I've spared you with a lot of details on the lower level of protocols. There are loads of implementation details that must match the specifications, otherwise you will get all kinds of aborts and possibly even dropped traffic. For instance we learned that we accidentally sent dialogue portions in more than the first response back, which seemed to work at first glance; at closer inspection we found out that some messages were dropped because the length of the packet became larger in size than an allowed value. We could still send them, but the other side was not able to receive them.
Remember: Telco is old and complex. However, it should still function with different setups and on different hardware, vendors and with environment.
Fun-fact: Sometimes a boolean value is not just encoded as a 1
or 0. To save bandwith telco decided that you could also just define
it as a
NULL OPTIONAL meaning that if it is defined (but lacks a
value), then it is considered true. if it is not defined then it is
considered false.
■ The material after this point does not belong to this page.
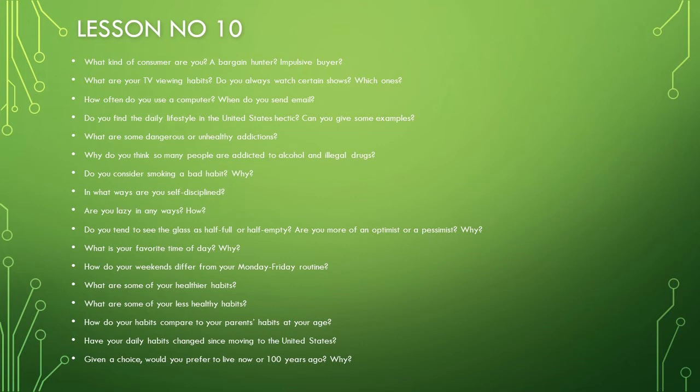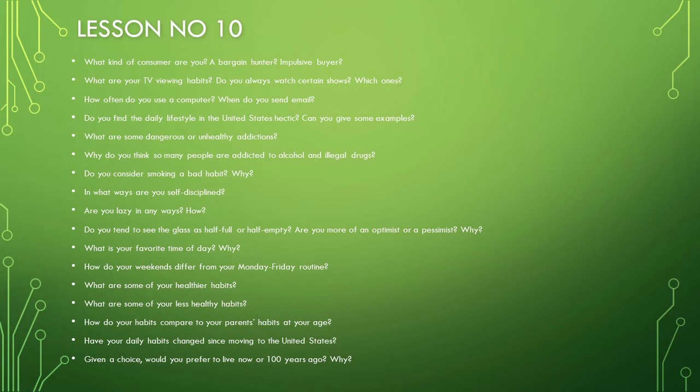How do your weekends differ from your Monday through Friday routine? What are some of your healthier habits? What are some of your less healthy habits? How do your habits compare to your parents' habits at your age?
This is the case for the
Hope you enjoy the reading as much as I enjoy digging into these protocols!
Special thanks to Stein Eldar and Tobias for giving me feedback and answering all my stupid questions on this subject, and Atanas for making me realize there are yet other protocols to carry SMS. Also Bung for this amazing addition:
Addition from Bung
"I’ve spared you with a lot of details on the lower level of protocols" needs a lot of emphasis.
Some funny extra complexities that just came into my mind while reading:
The actual SMS text goes into a field called "user data". There is a field called "user data length". When the message is GSM7 encoded, the "user data length" is the number of characters in the text message, otherwise it's the number of bytes in the user data.
Normally the user data only contains the (encoded) text of the message, but there is a field called "user data header" which indicates that there is a length prefixed TLV header in the "user data". If the message is GSM7 encoded, then the "user data lenght" field needs to be filled as if the "user data header" was really GSM7 encoded, which it isn't.
GSM7 is really a variably septet encoding, one character can consist of either 7 or 14 bits similar to how a UTF-8 code point can be 8, 16, 24, or 32 bits. Unlike UTF-8 however, there are not multiple byte ranges corresponding to the different locales (called code pages in Unicode) but a single 7 bit shift character that says that following 7 bits should be interpreted as a character from a translation table which is communicated out of band.
So all that is only the complexities of a single field (the user data) for a single encoding (GSM7).
Then the real kicker: The protocol for SMS is really called SM-TP (Short Message Transfer Protocol). SM-TP is the same for 2G/3G (on top of MAP), 4G (on top of SIP), 5G (on top of HTTP). So the very same stupid "length prefixed TLV encoded headers concatenated with encoded text with length either in characters or in bytes depending on encoding and actual meaning of the encoding communicated out of band but only sometimes" field exists no matter if your talking over old legacy MAP or the modern HTTP/XML based 5G.